Polkadot Native Storage Updates

One last point regarding performance. My understanding is the polkadot native storage is intended to replace essentially all storage including historical block data – I would suggest doing some benchmarks on retrieval while PoSt is on-going.

If the size of the window was reduced you could force gen 3/4 nvme or better requirements on storage providers. If you look at other provider networks, they’ve all focused on capacity rather than performance. The result is an over abundance of “cold store” quality storage. Low bandwidth, low iops, but extremely high capacity.

Since this will be utilized for things such as Pixelproof (polkadot #1631) and IIUC, to replace RPC – it’s critical that we have not just sufficient quantity of storage but that it’s sufficiently responsive (high mixed (70/30) iops) and sufficiently accessible with high bandwidth & throughput.

I would strongly recommend not rushing on this aspect and taking the time to get it right as it will impact the performance of every application that builds on it.

we can consider it but current plan is just DOT.

Please do – It will be difficult to gain traction on a service where the providers need to script to constantly update their market pricing and where the amount of dot needed will vary from payment to payment. The underlying cost basis for providers are in stables, that’s how providers will look at the economics and it provides a less volatile mechanism of exchange for customers of DA. The treasury won’t care if it receives USD or DOT as long as it’s revenue.

1 Like

(off-topic, discussing JAM with @olanod)

One pitfall you should be aware is that a WP is a rather large amount of computation and access to DA that is given to you. So the service is configured such that any registered user of this service will pass the authorization and can provide a WP whenever? What will be in the rest of the WP?

This is, from the perspective of the developer, definitely interesting, and what is currently the gap. Let’s see how @jmg-duarte clarifies the plan, and maybe it will fit this.

touching-the-DA-as-a-service is interesting and could be as good as we can get wrt storing more data such that it is availble to JAM services.

Thank you all for your feedback. You raise very valid points, please allow us some time to thoroughly review them and discuss internally before we share a response pushing the discussion forward.
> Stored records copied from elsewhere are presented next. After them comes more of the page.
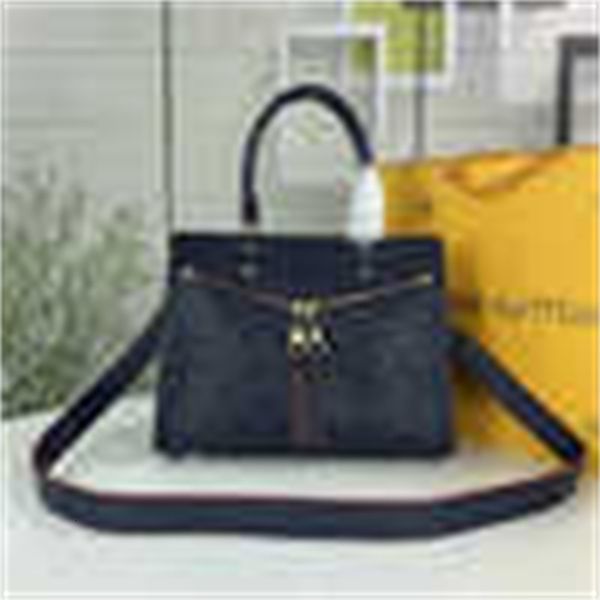 

bag, bags brand handbags r cross luxury messenger bag g8yd iconic m44195 handles shoulder ladies totes handbag, body shoulder bag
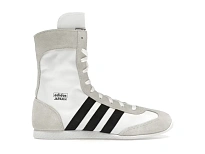 Фото № 1 с приближением к товару «‎adidas Japan Mid»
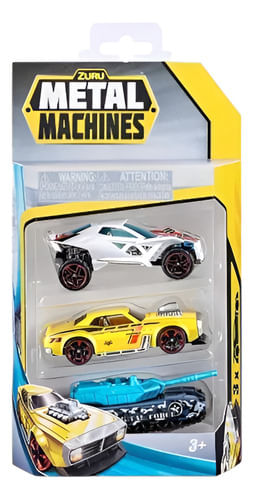 721271-MLA97115203775_112025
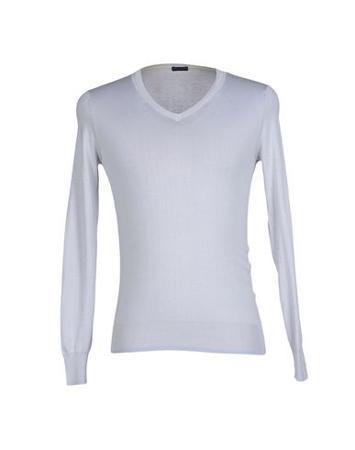 Свитер PAOLO PECORA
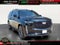 2021 Cadillac Escalade ESV Sport Platinum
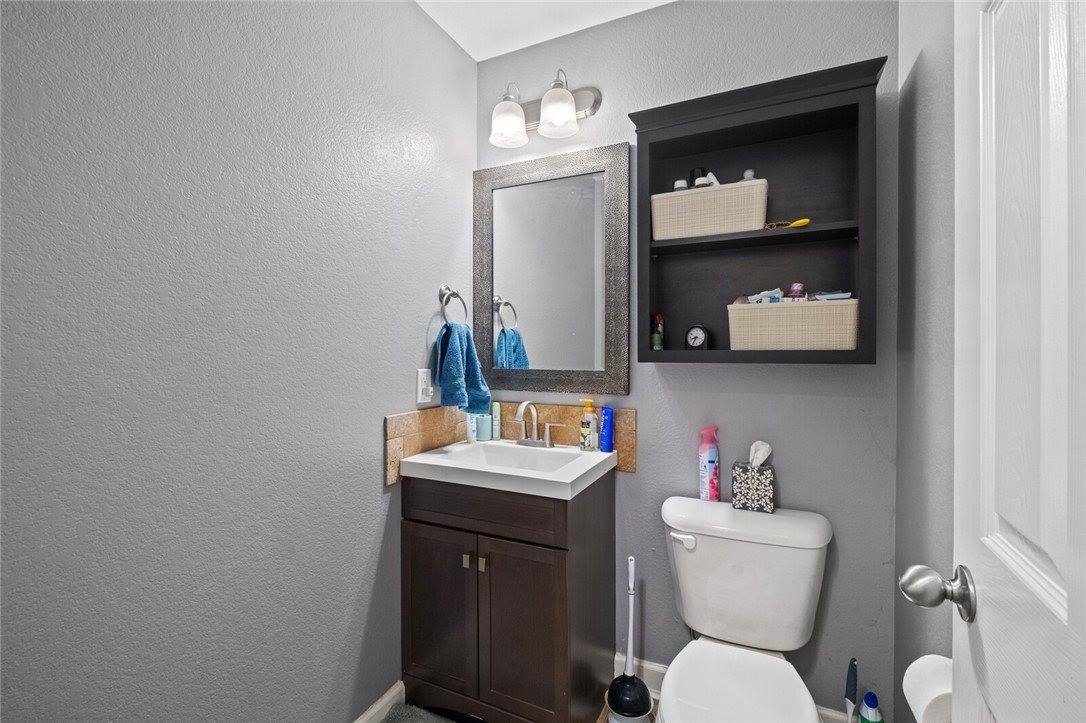 631 Paint Lane, Centerton, AR 72719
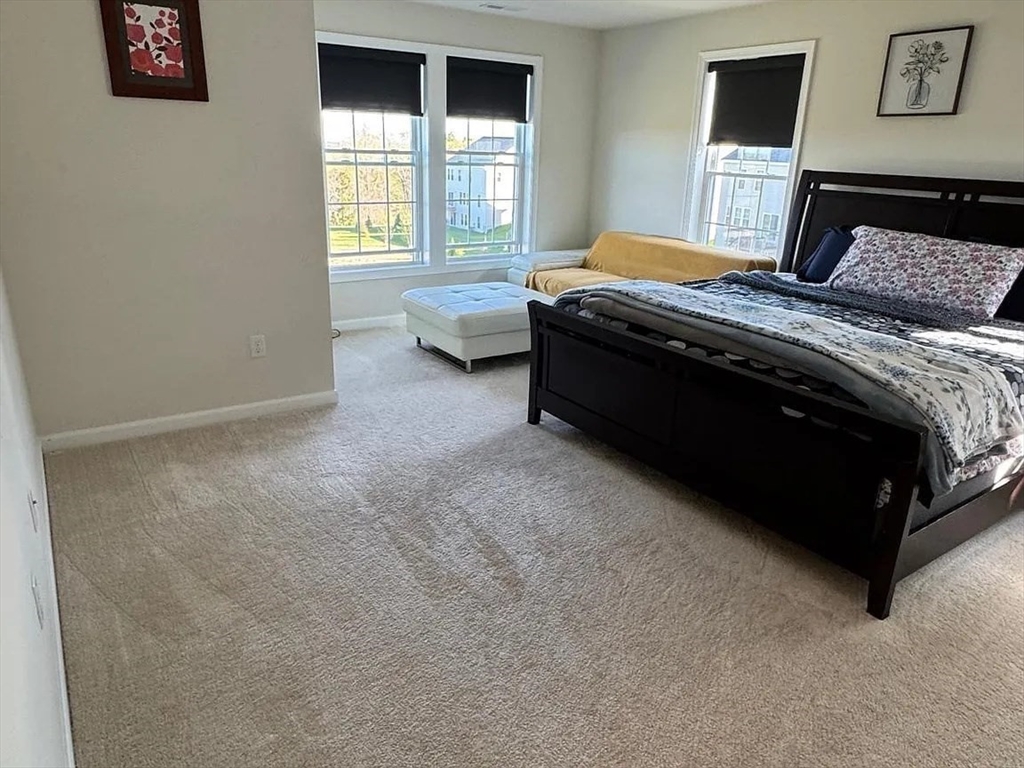 33 Poplar Lane # 33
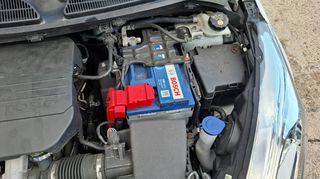 Ford Fiesta 2017-thumb-24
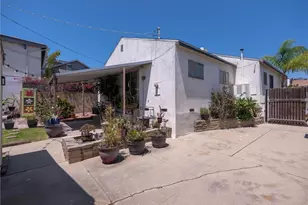 7380 W 85th St, Los Angeles, CA 90045 - Photo 32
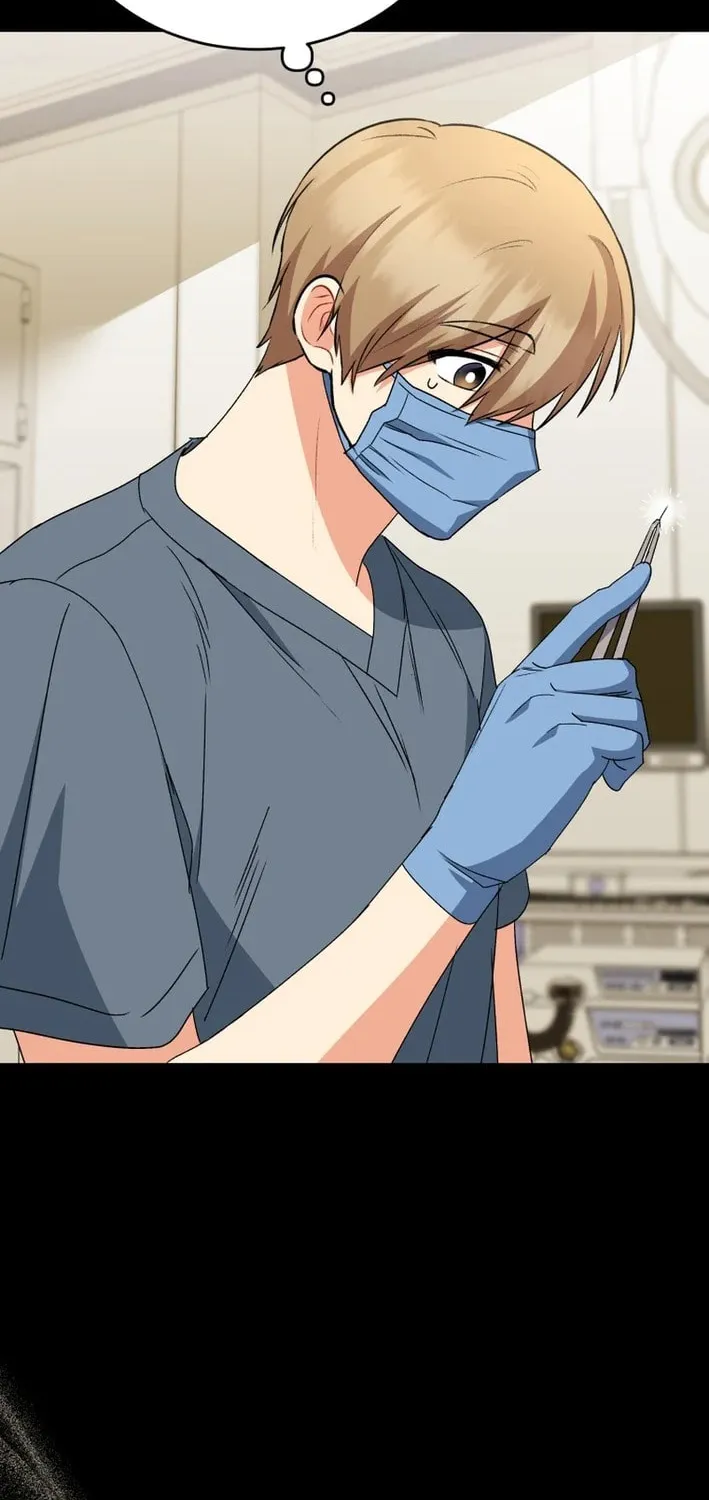 Chapter 122 - Image 60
Hey @kianenigma, thank you for diving into the project, we appreciate your time. Firstly, we wrote about the JAM integration idea 10 months ago, which in JAM time is an eternity. The wording is probably raw and needs some refining, we aim to improve the idea itself and its presentation by iterating with discussions like these. One of the original goals was to store all the expunged or forgotten data, keeping historical archive if it was later needed. We called it “resupply of unrequested data that needs to be provided to validators” which we think is relevant to what you said “once a hash is solicited, someone has to give the preimage to the JAM validators to provide the E_{p}, and to us this seems like a potential gap”, maybe our sentence mixes both ideas into one, we were unsure at the time if expunged data needed to be re-supply-able. We also wanted to make the storage available to all services, we think this your #3 type of storage “Service storage, fully kept offchain (analogous to parachain state). Can be as large as it wants to be, but the issue is that all of this has to be part of the work-package”, @olanod puts it in words better then we did — “but I’d like apps to be able to persist documents for longer simply by moving/writing files to a different location(e.g. /archive/*), that action should trigger some kind of preimage pinning that uses a separate storage service”.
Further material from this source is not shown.